The data below:

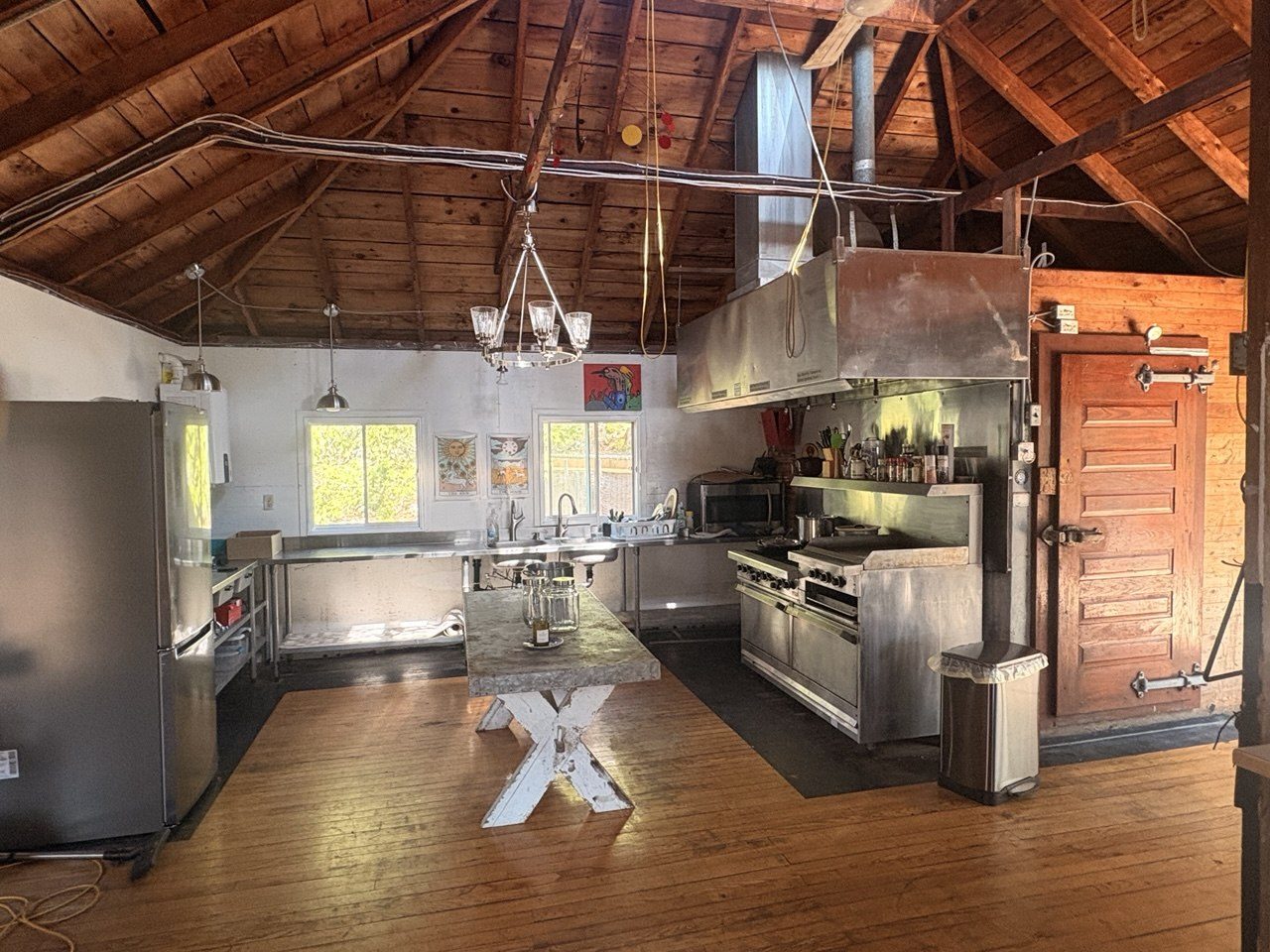 The full lodge kitchen with stainless counters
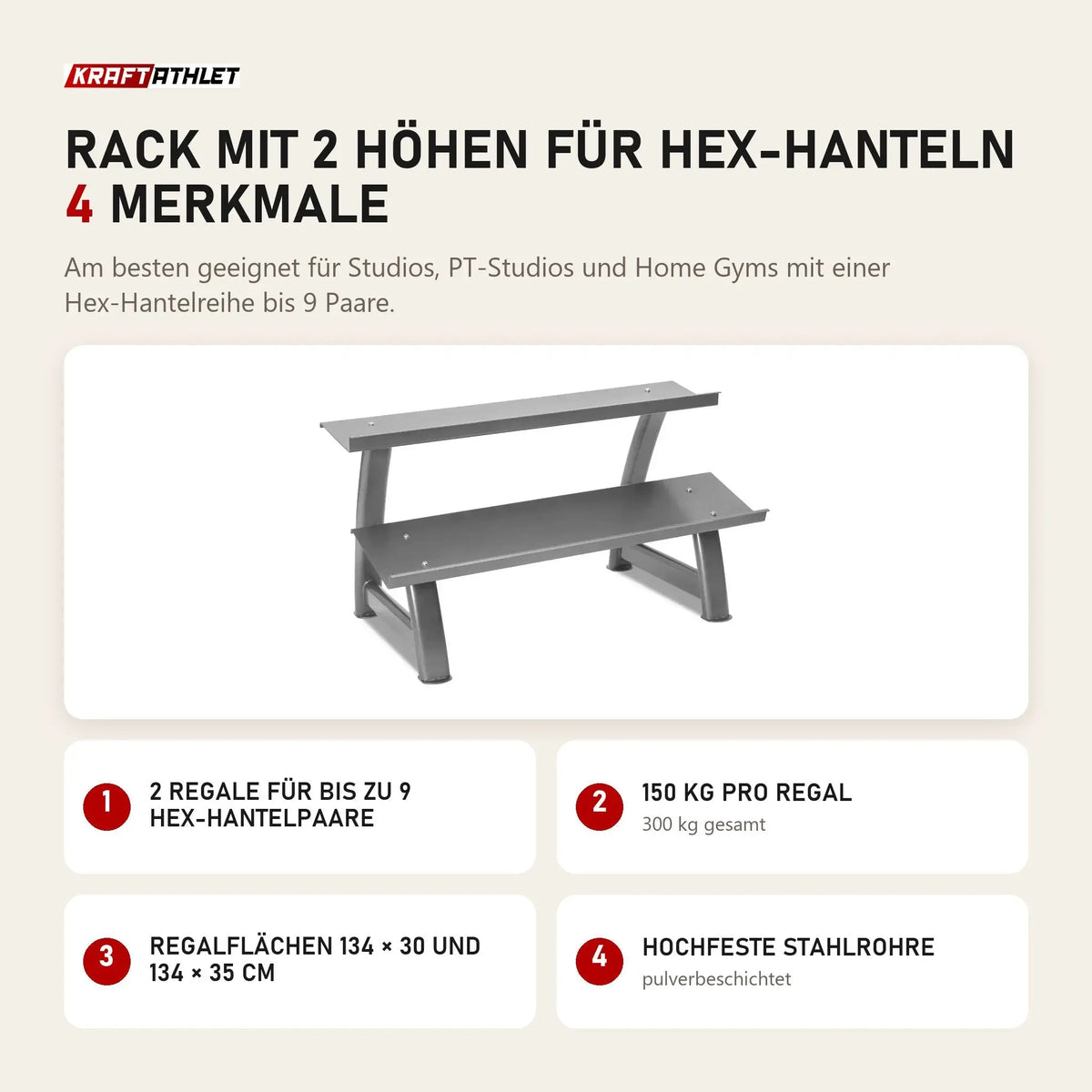 Titanium Strength Rack mit 2 Höhen für Hex-Hanteln mit 4 Merkmalen: 2 Regale für bis zu 9 Hex-Hantelpaare, 150 kg pro Regal, Regalflächen 134 × 30 und 134 × 35 cm, Hochfeste Stahlrohre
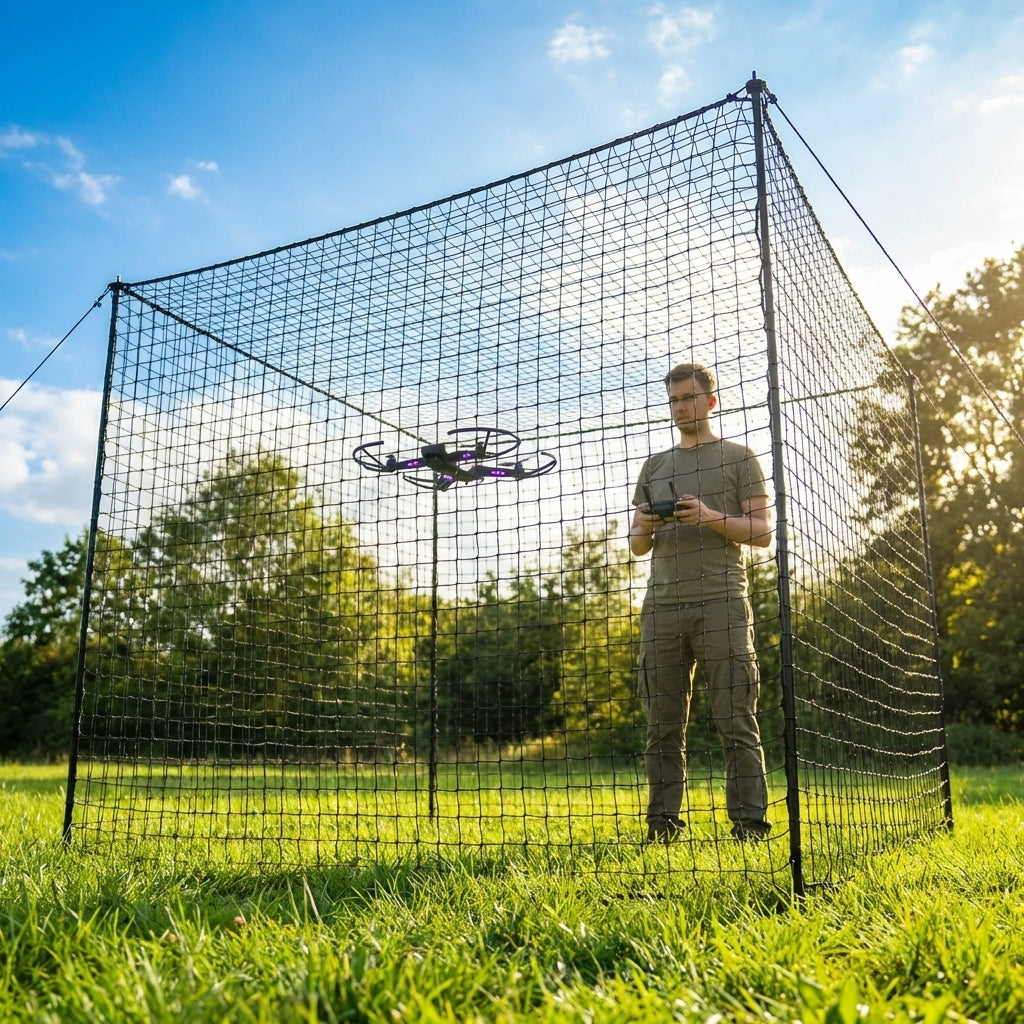 Drone enclosure net with HDPE twine for outdoor use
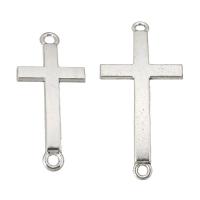 Cross Zink legering Stik, Zinc Alloy, Kryds, du kan DIY & forskellig størrelse for valg, oprindelige farve, Hole:Ca. 2mm, 100pc'er/Lot, Solgt af Lot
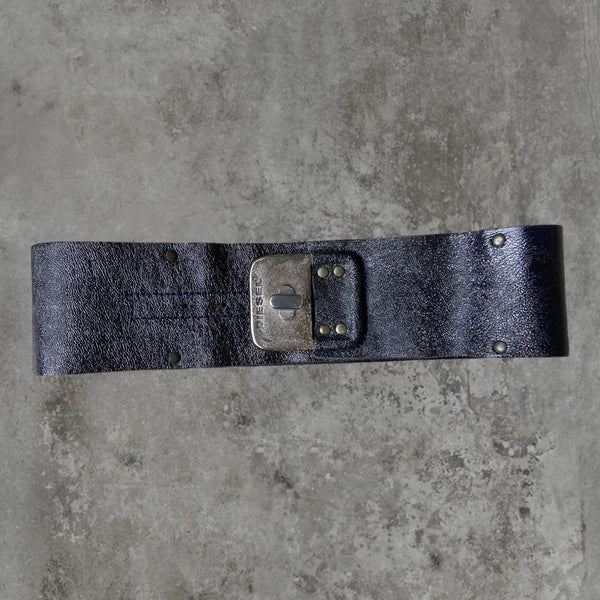 DIESEL CHUNKY LEATHER BUCKLE BELT - XS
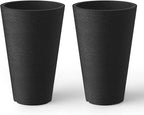 Kante Tall Round Planter Set of 2, 13 Inch Tall Decorative Planter Pots for Outdoor Indoor Garden Patio Front Porch (Black)
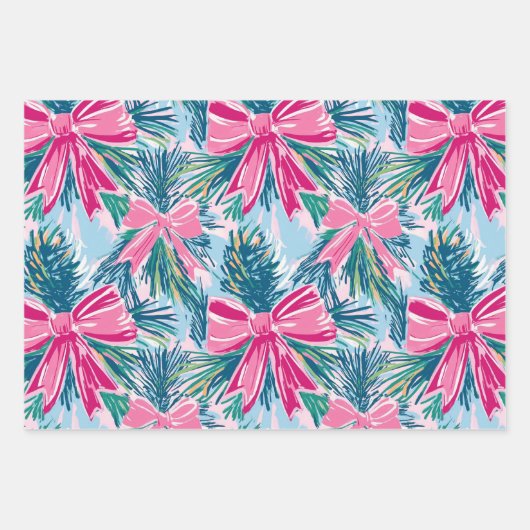 Funky Bow Pink Christmas Bow Pattern Inpakpapier Vel (Voorkant 2)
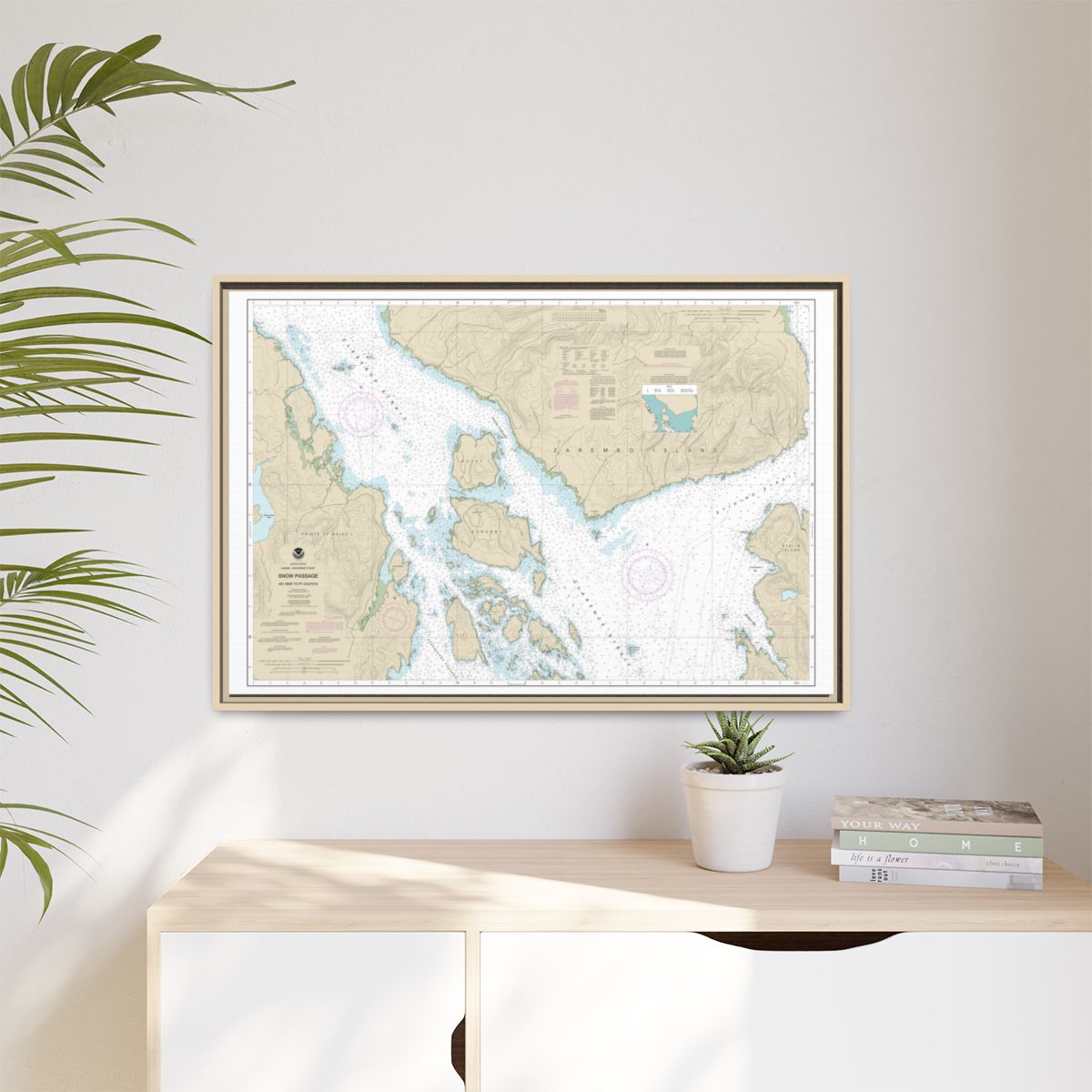 Chart 17383 Snow Passage, Alaska - NOAA Nautical Chart Floating Frame Canvas | 30" x 20" | 36" x 24" | 48" x 32" - Natural context-1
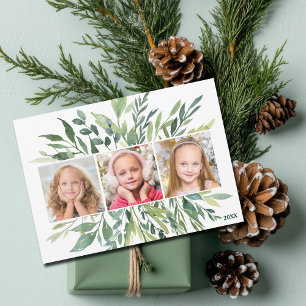 Elegant Botanical Greenery Family Foto Modern Feestdagenkaart
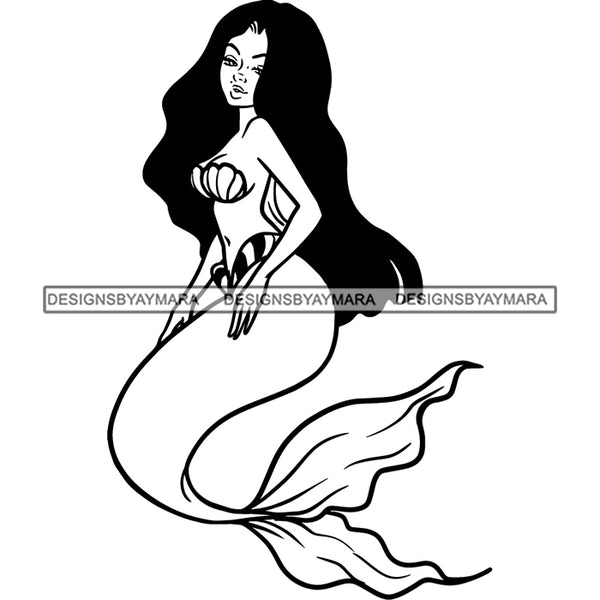 Mermaid Black And White Long Hair JPG PNG  Clipart Cricut Silhouette Cut Cutting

End of The data.

» Exercise details:
From the line holding "Drone enclosure net" down to the final line of the entries above, print every line exactly. Pictures do not go in.

» Completed task:
 Drone enclosure net with HDPE twine for outdoor use
 Cross Zink legering Stik, Zinc Alloy, Kryds, du kan DIY & forskellig størrelse for valg, oprindelige farve, Hole:Ca. 2mm, 100pc'er/Lot, Solgt af Lot
 DIESEL CHUNKY LEATHER BUCKLE BELT - XS
 Kante Tall Round Planter Set of 2, 13 Inch Tall Decorative Planter Pots for Outdoor Indoor Garden Patio Front Porch (Black)
 Funky Bow Pink Christmas Bow Pattern Inpakpapier Vel (Voorkant 2)
 Chart 17383 Snow Passage, Alaska - NOAA Nautical Chart Floating Frame Canvas | 30" x 20" | 36" x 24" | 48" x 32" - Natural context-1
 Elegant Botanical Greenery Family Foto Modern Feestdagenkaart
 Mermaid Black And White Long Hair JPG PNG  Clipart Cricut Silhouette Cut Cutting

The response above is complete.